Speaking to HR magazine he said: “Employers will probably need to be prepared for the fact that people might cite the cost of living as a mitigating circumstance.
"This won’t necessarily change anything from a legal point of view, but it does throw up issues around how the employer will want to be seen by the rest of the workforce. Do they want to be seen as uncaring?”
He said HR directors should not worry that taking a softer approach might set a precedent and encourage others to steal.
He added: “If you review things on a case-by-case basis, there shouldn’t be concern that others might think they can do the same and get away with it.
“As with all these issues, it’s also about proper procedure. Often the first reaction of employers is that the employee should be sacked.

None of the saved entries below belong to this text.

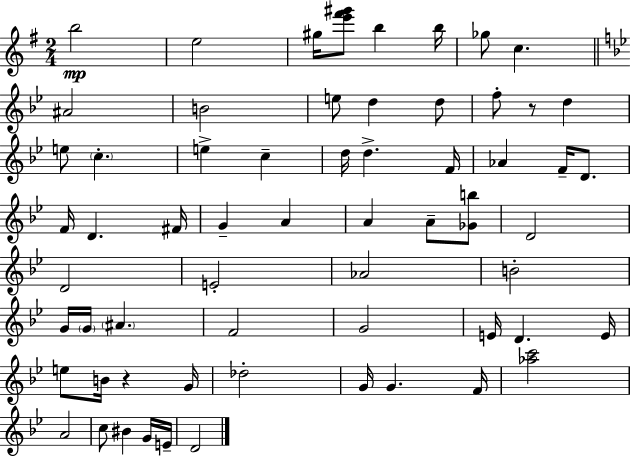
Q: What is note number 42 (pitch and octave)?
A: E4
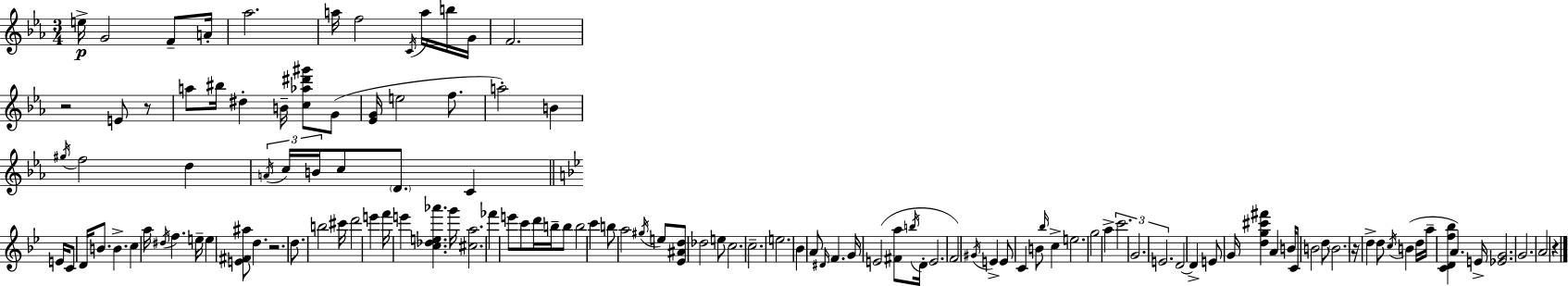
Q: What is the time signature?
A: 3/4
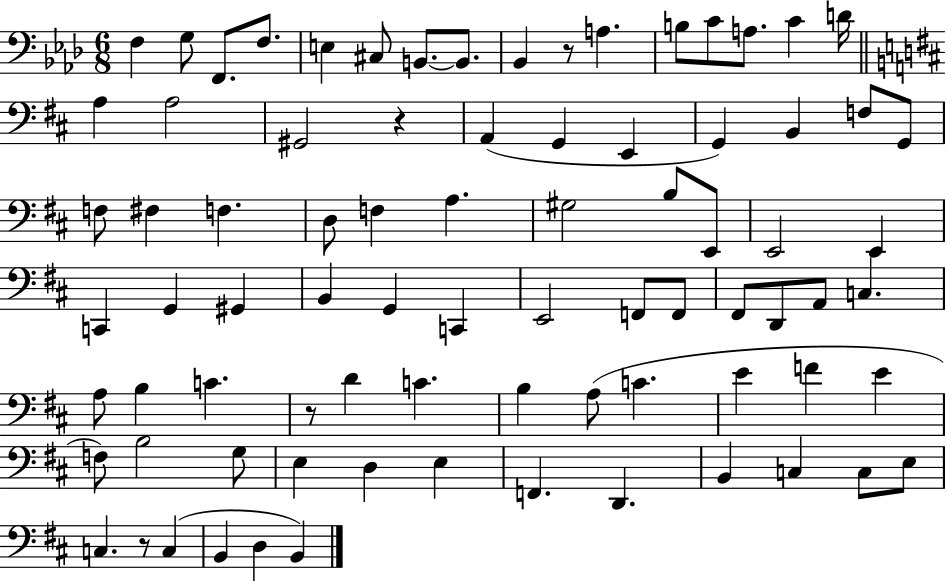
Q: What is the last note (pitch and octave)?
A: B2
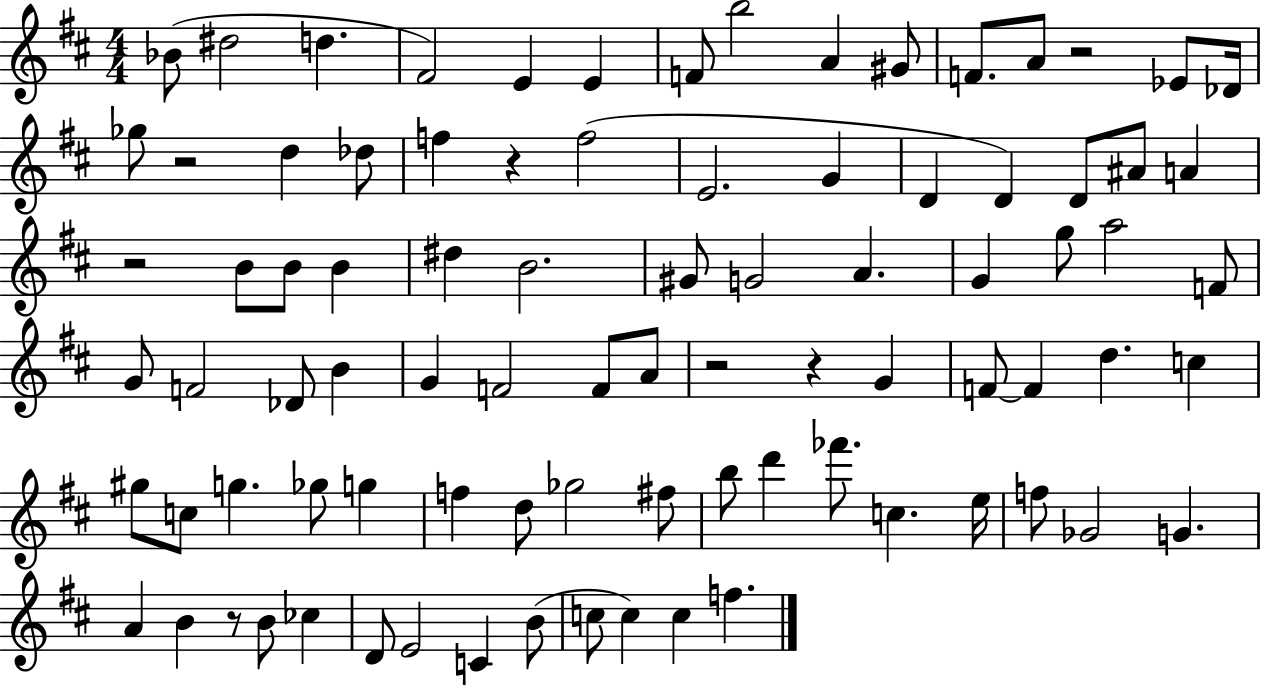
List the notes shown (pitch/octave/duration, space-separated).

Bb4/e D#5/h D5/q. F#4/h E4/q E4/q F4/e B5/h A4/q G#4/e F4/e. A4/e R/h Eb4/e Db4/s Gb5/e R/h D5/q Db5/e F5/q R/q F5/h E4/h. G4/q D4/q D4/q D4/e A#4/e A4/q R/h B4/e B4/e B4/q D#5/q B4/h. G#4/e G4/h A4/q. G4/q G5/e A5/h F4/e G4/e F4/h Db4/e B4/q G4/q F4/h F4/e A4/e R/h R/q G4/q F4/e F4/q D5/q. C5/q G#5/e C5/e G5/q. Gb5/e G5/q F5/q D5/e Gb5/h F#5/e B5/e D6/q FES6/e. C5/q. E5/s F5/e Gb4/h G4/q. A4/q B4/q R/e B4/e CES5/q D4/e E4/h C4/q B4/e C5/e C5/q C5/q F5/q.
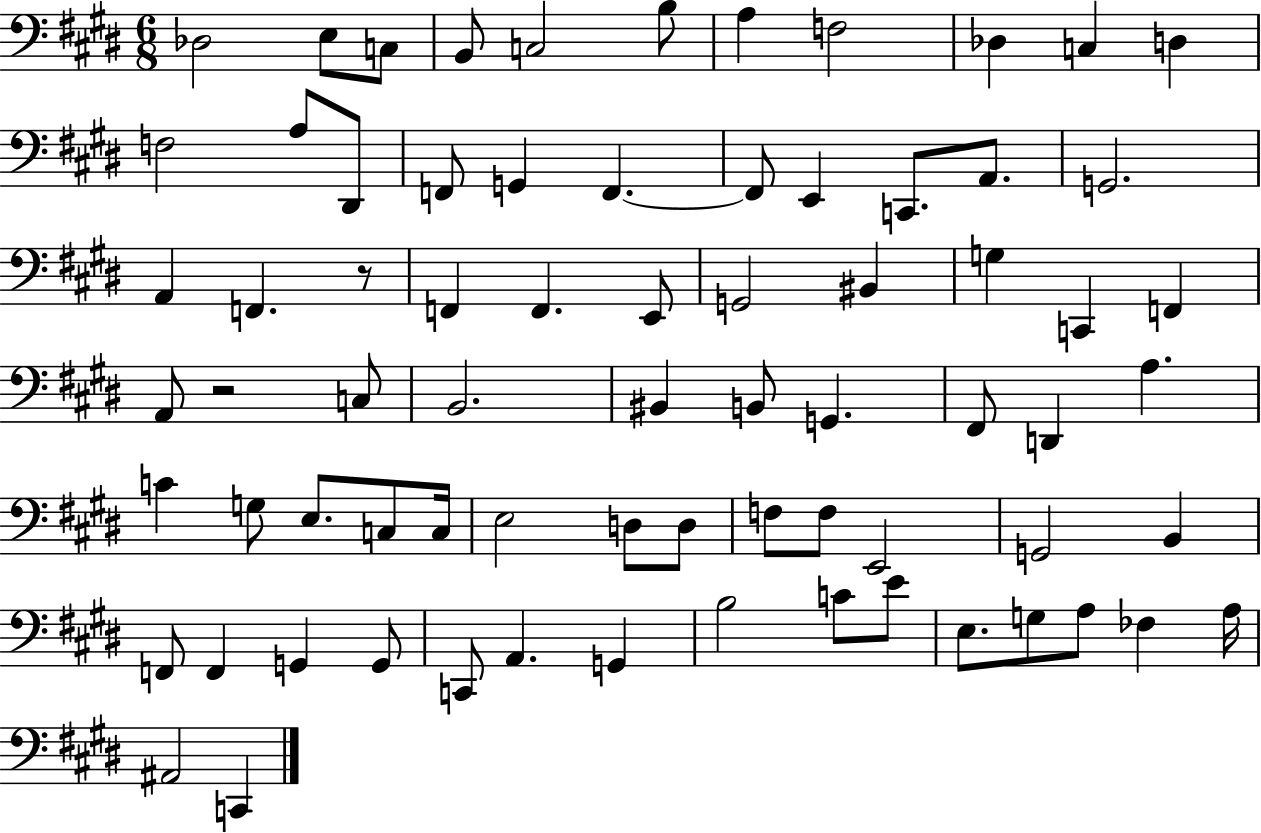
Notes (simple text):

Db3/h E3/e C3/e B2/e C3/h B3/e A3/q F3/h Db3/q C3/q D3/q F3/h A3/e D#2/e F2/e G2/q F2/q. F2/e E2/q C2/e. A2/e. G2/h. A2/q F2/q. R/e F2/q F2/q. E2/e G2/h BIS2/q G3/q C2/q F2/q A2/e R/h C3/e B2/h. BIS2/q B2/e G2/q. F#2/e D2/q A3/q. C4/q G3/e E3/e. C3/e C3/s E3/h D3/e D3/e F3/e F3/e E2/h G2/h B2/q F2/e F2/q G2/q G2/e C2/e A2/q. G2/q B3/h C4/e E4/e E3/e. G3/e A3/e FES3/q A3/s A#2/h C2/q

But for a decision to be reasonable, managers need to consider all of the circumstances, including length of service, disciplinary record, whether they have confessed, whether they have show remorse, and whether they can be trusted in the future.”
Sutton added: “While the cost of living is a cause of significant financial anxiety, employee theft is still illegal, as well as being a breach of employer trust. During these difficult times it’s particularly important employers listen to their staff and provide targeted support where they can.”
Proportionately, with nearly 900 incidents and a population of 9 million, London had less crime per head than other areas.
When measured on an incident per-100,000 people of working age basis, London does not appear on the top five list of places for crime.
Northamptonshire had the highest employee crime rate of 43.4 per 100,000 while West Mercia has the lowest level of crime rate at 13.7.
Dylan Jones, CEO of Income & Expenditure Hub, said: "We're not surprised, but saddened at the increase in workplace theft for small items and essentials as recently reported by Zurich. We know from our own research that people of all ages are struggling financially due to the cost of living crisis."
Zurich confirmed that it has also seen a rise in commercial crime claims, with recent crimes including a £150,000 theft by a ring of employees at a food manufacturer and a £50,000 claim from a double-glazing firm defrauded by its finance manager.
In one of the worst cases of employee theft, in 2020 admin manager, Amanda Rees, was sentenced to more than five years in jail after stealing nearly £1 million over the course of six years. She had full access to her company’s bank accounts.
In the US the Association of Certified Fraud Examiners estimates businesses lose 5% of their annual revenue to employee fraud and abuse.